"Ah-- !"
Les paparazzis, surpris par sa force incroyable, s'effondrèrent aussitôt au sol dans un bruit sourd.
En voyant les deux paparazzis se faire corriger, Lin Yoona se sentit beaucoup mieux. La force terrifiante de Yang Feng ne l'avait pas du tout surprise.
Après tout, elle l'avait déjà vu.
En contemplant son dos haut et mince, un sentiment de sécurité m'a envahie.
"rouler!"
Les yeux de Yang Feng étaient dénués de toute émotion lorsqu'il prononça ces mots avec indifférence.
Les paparazzis se sont enfuis en hâte, mais l'autre paparazzi, qui avait été giflé par Yang Feng, s'est effondré au sol, inconscient.

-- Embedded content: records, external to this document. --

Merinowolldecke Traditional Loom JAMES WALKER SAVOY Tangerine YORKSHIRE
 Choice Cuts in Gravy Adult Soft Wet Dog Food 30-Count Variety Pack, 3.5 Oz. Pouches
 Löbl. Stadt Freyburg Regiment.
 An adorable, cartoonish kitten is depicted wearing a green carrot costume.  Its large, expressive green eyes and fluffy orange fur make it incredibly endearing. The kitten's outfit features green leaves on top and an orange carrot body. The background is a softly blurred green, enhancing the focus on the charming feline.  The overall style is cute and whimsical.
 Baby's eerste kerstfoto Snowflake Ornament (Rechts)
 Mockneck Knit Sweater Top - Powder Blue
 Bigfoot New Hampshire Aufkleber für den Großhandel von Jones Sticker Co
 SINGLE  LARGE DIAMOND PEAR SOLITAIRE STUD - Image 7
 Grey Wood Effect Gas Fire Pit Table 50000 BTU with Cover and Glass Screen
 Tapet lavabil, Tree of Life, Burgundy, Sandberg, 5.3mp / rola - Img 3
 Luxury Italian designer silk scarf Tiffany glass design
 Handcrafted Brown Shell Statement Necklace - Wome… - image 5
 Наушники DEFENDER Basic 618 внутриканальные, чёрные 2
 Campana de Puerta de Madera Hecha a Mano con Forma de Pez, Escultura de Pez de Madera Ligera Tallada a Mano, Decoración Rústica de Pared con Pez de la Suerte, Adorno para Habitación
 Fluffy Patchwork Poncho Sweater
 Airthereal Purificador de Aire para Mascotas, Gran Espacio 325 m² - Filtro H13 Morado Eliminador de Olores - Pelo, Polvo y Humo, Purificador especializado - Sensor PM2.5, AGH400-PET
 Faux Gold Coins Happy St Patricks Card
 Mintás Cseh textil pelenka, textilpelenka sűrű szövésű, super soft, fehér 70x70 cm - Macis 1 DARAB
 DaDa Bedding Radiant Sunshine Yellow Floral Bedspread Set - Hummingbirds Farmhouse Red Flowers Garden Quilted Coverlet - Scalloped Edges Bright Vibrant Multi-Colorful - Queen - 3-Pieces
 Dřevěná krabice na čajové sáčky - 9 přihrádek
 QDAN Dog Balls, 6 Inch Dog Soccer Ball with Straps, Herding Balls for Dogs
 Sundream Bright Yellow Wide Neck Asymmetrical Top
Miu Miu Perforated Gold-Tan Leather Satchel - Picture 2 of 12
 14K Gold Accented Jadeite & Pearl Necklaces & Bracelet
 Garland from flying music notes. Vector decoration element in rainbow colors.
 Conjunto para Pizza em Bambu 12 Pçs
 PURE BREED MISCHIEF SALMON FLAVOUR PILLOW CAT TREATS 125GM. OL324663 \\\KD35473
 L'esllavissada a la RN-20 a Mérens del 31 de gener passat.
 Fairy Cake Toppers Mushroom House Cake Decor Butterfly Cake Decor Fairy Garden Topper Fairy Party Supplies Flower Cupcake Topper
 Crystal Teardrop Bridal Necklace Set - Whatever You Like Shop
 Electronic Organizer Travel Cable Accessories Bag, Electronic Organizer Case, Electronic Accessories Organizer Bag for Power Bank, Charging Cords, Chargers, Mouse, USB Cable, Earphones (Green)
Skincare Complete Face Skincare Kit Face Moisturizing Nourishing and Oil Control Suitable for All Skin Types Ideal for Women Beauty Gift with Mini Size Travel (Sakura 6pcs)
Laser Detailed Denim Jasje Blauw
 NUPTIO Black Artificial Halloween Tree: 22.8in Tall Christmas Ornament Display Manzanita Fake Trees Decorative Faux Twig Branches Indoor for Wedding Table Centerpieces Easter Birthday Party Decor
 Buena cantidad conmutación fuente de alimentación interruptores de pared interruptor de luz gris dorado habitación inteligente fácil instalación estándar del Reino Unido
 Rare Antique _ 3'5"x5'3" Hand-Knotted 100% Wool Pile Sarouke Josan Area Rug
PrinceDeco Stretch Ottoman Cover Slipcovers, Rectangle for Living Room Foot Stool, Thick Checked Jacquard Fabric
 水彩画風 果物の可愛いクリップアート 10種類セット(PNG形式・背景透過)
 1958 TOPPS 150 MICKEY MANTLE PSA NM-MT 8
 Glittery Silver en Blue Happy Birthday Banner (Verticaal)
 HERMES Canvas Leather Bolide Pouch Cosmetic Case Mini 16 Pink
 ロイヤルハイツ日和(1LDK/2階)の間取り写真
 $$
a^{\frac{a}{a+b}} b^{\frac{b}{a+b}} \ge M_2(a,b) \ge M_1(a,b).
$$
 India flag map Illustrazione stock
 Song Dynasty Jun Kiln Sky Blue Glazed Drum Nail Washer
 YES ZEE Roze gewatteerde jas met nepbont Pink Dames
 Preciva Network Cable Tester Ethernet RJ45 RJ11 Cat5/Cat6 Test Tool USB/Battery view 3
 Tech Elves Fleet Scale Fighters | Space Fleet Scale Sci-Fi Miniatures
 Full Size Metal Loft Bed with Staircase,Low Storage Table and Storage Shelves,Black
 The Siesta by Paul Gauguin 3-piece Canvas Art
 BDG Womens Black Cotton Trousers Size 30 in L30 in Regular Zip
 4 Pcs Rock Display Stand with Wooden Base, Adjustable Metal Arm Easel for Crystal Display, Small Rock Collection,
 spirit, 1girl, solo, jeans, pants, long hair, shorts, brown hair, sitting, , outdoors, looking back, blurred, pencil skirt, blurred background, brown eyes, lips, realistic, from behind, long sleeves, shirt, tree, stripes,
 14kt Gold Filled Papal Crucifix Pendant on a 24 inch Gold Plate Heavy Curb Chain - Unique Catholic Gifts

Les paparazzis ont couru vers la cage d'escalier, puis se sont retournés et ont de nouveau lancé un regard féroce à Yang Feng en criant : « Espèce de morveux, attends un peu, je vais te faire tuer sur-le-champ ! »
Face à sa menace, Yang Feng lui jeta simplement un regard indifférent avant de se diriger vers la porte de l'ascenseur et d'attendre son arrivée.
Il venait de recevoir un message de son meilleur ami du collège, l'invitant à une réunion d'anciens élèves. N'ayant rien d'autre à faire, il s'est dit qu'il pourrait tout aussi bien y aller.
« Merci… » (Système urbain super à temps plein)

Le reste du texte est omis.